Occasionally we like to go back to trades a play a bit of a “what if” game. One that caught my attention was a trade that was initially working in IBM that we updated with a simple roll up and out into its earnings event. The idea for the roll was to take most of the risk off the table while leaving the potential for more upside into the event. In this case the roll was the wrong one into the event as the stock sold off following the report (it’s still profitable, but as lost a good portion of its profits). But now with the stock creeping back up let’s revisit the trade for management purposes from here on out, as well as looking at what we could have done differently. First, here was the initial trade idea, from January 12th:
IBM ($164.30) Buy the Feb 165 / 175 call spread for $3.00
- Buy 1 Feb 165 call for 4.15
- Sell 1 Feb 175 call at 1.15
The stock ran up into earnings and just a few days later we updated with a roll, from Jan 18th:
Action: Sell to close IBM ($170) Feb 165 / 175 call spread at $5 for a $2 profit
-Selling 1 Feb 165 call at $8
-Buying to close 1 Feb 175 call for $3
And New Trade:
IBM ($170) Buy March 175 / 185 call spread for $2.30
-Buy to open 1 March 175 call for 3.50
-Sell to open 1 March 185 call at 1.20
Essentially, that roll took almost all the risk off the table but didn’t book the profits. It left a trade risking .30 that could make up to 9.70 if the stock was at or above 185 on March expiration. Now with the stock slightly lower than where the roll took place, at 167.25, the trade is worth about .75, now only a .45 profit.
As far as trade management there’s some time for this to play out, so probably no need to panic. If the stock were to get going above 170 this trade would be in good shape to make some decent money, and again, it’s almost a free look at this point.
But back to the what if?
Another roll we like to do with a profitable position is to take profits and turn the call spread into a calendar. This is the more aggressive reduction in deltas strategy. In this case it would have meant selling the Feb 165 calls at $8, then taking those profits and buying the March 175 calls for 3.50. That would have left a Feb/March 175 call calendar on, while taking 1.50 in the profits off the table. And that Feb/March 175 call calendar is also trading at .75 right now.
Obviously hindsight is 20/20. The reason we chose the call spread roll into March was the potential to stay aggressive in the stock for a big move higher on earnings, with almost no risk. The roll to a calendar has a very different profile, looking for a mild move higher on earnings, and then a continuation afterwards.
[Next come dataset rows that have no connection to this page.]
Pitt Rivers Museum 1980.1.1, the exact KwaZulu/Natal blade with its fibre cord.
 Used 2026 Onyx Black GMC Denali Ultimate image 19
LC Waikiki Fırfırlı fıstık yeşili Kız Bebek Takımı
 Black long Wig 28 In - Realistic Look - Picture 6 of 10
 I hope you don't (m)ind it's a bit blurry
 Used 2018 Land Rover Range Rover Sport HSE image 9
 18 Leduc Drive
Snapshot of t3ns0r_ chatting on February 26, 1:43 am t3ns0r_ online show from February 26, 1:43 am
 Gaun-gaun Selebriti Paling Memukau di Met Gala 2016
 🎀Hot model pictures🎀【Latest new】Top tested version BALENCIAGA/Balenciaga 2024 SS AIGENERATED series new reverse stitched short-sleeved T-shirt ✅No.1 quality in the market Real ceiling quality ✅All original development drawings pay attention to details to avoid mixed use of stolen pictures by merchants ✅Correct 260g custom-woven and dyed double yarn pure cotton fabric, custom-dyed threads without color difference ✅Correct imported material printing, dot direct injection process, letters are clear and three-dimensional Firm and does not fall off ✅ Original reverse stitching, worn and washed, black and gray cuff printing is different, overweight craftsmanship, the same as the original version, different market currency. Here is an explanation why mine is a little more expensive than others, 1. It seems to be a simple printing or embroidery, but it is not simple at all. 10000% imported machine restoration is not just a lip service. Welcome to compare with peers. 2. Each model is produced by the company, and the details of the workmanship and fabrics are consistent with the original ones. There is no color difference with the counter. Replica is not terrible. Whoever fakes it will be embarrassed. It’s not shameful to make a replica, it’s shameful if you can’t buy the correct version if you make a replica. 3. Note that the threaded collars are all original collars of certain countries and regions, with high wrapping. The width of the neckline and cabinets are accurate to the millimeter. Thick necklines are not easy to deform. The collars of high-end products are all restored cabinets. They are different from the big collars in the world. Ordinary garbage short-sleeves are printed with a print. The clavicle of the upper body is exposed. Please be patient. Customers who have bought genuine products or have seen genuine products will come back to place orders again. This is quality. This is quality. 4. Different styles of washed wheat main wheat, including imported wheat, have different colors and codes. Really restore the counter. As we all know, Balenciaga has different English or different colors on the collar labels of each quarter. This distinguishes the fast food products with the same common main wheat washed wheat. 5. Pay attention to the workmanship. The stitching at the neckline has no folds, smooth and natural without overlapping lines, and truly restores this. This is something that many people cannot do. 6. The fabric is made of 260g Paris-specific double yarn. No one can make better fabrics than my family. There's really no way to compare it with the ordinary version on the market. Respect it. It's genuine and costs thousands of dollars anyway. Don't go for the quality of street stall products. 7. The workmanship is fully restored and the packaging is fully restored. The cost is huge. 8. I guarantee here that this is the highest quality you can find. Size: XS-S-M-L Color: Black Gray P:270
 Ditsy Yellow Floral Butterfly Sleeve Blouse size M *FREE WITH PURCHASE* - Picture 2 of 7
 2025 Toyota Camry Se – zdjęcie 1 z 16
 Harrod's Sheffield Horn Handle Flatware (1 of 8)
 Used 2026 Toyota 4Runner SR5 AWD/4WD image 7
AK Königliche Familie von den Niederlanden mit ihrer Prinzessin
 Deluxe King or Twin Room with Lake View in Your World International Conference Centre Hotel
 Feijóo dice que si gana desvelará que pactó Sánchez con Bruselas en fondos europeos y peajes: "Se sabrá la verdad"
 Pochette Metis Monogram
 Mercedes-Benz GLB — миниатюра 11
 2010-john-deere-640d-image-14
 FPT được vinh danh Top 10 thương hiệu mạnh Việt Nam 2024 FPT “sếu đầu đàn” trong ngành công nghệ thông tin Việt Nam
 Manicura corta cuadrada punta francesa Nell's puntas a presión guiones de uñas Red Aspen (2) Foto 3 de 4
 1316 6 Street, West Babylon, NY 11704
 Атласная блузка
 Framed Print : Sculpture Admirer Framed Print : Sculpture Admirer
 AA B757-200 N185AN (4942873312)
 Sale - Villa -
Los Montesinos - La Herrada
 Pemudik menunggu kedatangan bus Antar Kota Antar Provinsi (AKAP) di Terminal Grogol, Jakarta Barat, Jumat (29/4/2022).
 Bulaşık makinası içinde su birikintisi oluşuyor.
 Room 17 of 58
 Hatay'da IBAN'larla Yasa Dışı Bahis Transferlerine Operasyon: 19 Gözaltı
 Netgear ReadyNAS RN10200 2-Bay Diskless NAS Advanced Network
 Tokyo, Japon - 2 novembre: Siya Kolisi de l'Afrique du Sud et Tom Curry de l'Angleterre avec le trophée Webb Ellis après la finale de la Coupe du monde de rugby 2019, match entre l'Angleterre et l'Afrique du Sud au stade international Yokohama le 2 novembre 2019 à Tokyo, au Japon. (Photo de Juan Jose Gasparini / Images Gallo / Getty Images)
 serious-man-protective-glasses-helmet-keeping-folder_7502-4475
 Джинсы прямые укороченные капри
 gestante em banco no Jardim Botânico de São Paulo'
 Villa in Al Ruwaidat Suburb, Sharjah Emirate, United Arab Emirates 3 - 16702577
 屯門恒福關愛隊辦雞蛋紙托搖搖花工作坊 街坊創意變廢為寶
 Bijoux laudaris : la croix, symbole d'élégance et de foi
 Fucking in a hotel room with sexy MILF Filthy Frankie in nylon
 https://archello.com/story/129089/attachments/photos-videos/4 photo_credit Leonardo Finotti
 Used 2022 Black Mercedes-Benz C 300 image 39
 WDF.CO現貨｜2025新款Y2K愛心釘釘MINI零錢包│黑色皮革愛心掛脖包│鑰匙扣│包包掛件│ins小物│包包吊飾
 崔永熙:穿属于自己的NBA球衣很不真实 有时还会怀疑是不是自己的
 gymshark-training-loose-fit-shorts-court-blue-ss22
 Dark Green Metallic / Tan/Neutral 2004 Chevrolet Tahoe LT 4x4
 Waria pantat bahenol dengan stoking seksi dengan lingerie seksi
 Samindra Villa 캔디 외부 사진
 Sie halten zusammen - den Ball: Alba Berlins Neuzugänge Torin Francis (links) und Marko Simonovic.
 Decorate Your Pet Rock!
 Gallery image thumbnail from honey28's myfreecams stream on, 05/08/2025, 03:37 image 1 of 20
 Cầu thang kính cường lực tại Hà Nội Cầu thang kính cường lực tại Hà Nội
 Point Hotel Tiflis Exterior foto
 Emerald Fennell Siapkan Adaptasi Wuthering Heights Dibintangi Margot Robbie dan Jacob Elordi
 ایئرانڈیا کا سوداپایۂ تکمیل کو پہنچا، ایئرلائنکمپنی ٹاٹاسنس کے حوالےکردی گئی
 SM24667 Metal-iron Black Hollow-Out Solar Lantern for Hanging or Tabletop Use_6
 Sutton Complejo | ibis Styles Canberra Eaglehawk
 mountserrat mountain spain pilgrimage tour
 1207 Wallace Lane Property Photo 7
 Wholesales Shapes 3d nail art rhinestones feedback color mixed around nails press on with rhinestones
We feature both types of rolls on the site, but it’s good to look back and see how they do against eachother after the event. The key here is the calendar roll is essentially taking most off the table after an initial move, and leaving very few long deltas until the front leg expires. The roll to a call spread up and out keeps alot more deltas on the table, but the cost of that is not booking as much of the profits.